Andrew McCoy, director of the Center for Housing Research at Virginia Tech, served as the principal investigator for the project. During the spring and summer of 2014, researchers visited 15 affordable apartment complexes across the state. They met with residents to conduct energy usage surveys. Tenants provided permission to allow access to actual utility consumption for the previous 24 months. The behavioral surveys and consumption data were correlated to the apartment's original energy usage estimate that was calculated when the unit was built or rehabilitated.
The energy use behavior survey revealed a number of findings that point to opportunities to achieve even greater savings. Residents reported setting thermostats at levels that exceed typical comfort temperatures. This indicates a need for better education about the potential savings and strategies for adjusting resident behavior. Resident responses also indicated a need for more education about the equipment and design of their apartments in order to take full advantage of efficiency technologies.

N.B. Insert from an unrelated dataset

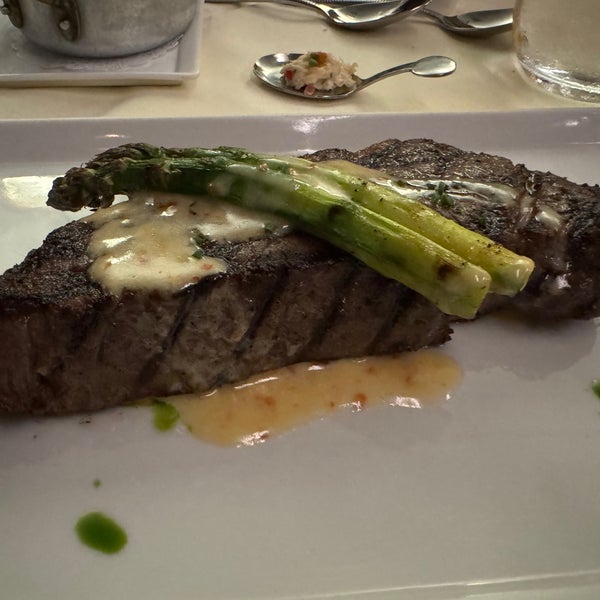 Photo taken at Alexander&#39;s Steakhouse by David P. on 4/16/2024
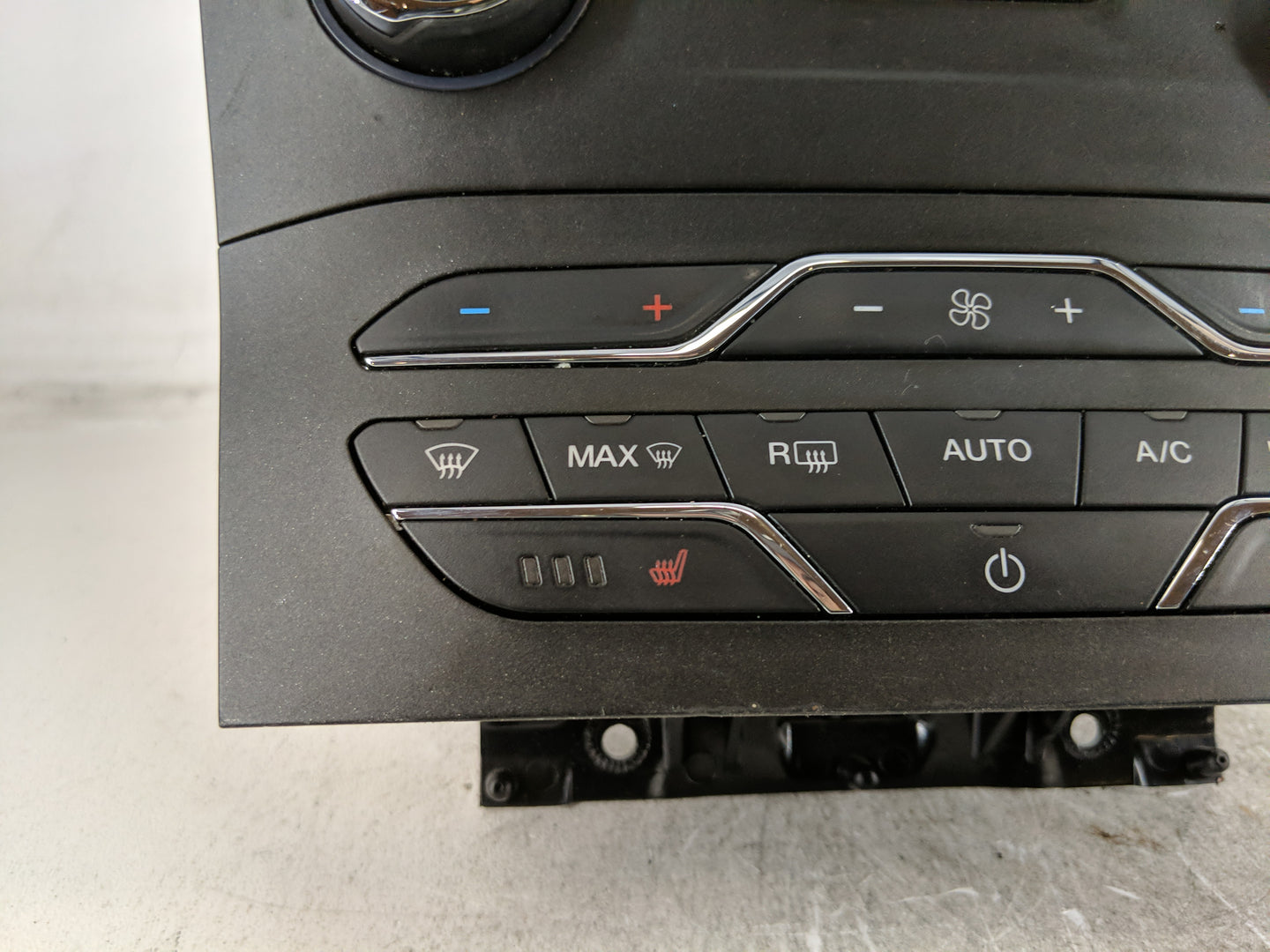 2019-2020 Ford Edge Radio Control Panel - Oemusedautoparts1.com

"Our interaction with residents reveals that there are substantial savings that can still be achieved with more effective education and incentives. We have also learned some lessons that will help us to refine design standards and make better decisions on what technologies to deploy," stated McCoy.
The LIHTC Program is the primary federal housing program designed to create rental housing that is affordable to families and seniors with low and moderate income. Under the program, private investors in affordable rental housing receive a tax credit as an incentive for investment. The program serves families and seniors with incomes up to 60 percent of the area median. In 2014, 60 percent of the area median income was $46,500 for a family of four. The program produces over 100,000 apartments every year nationally and approximately 2,000 per year across Virginia.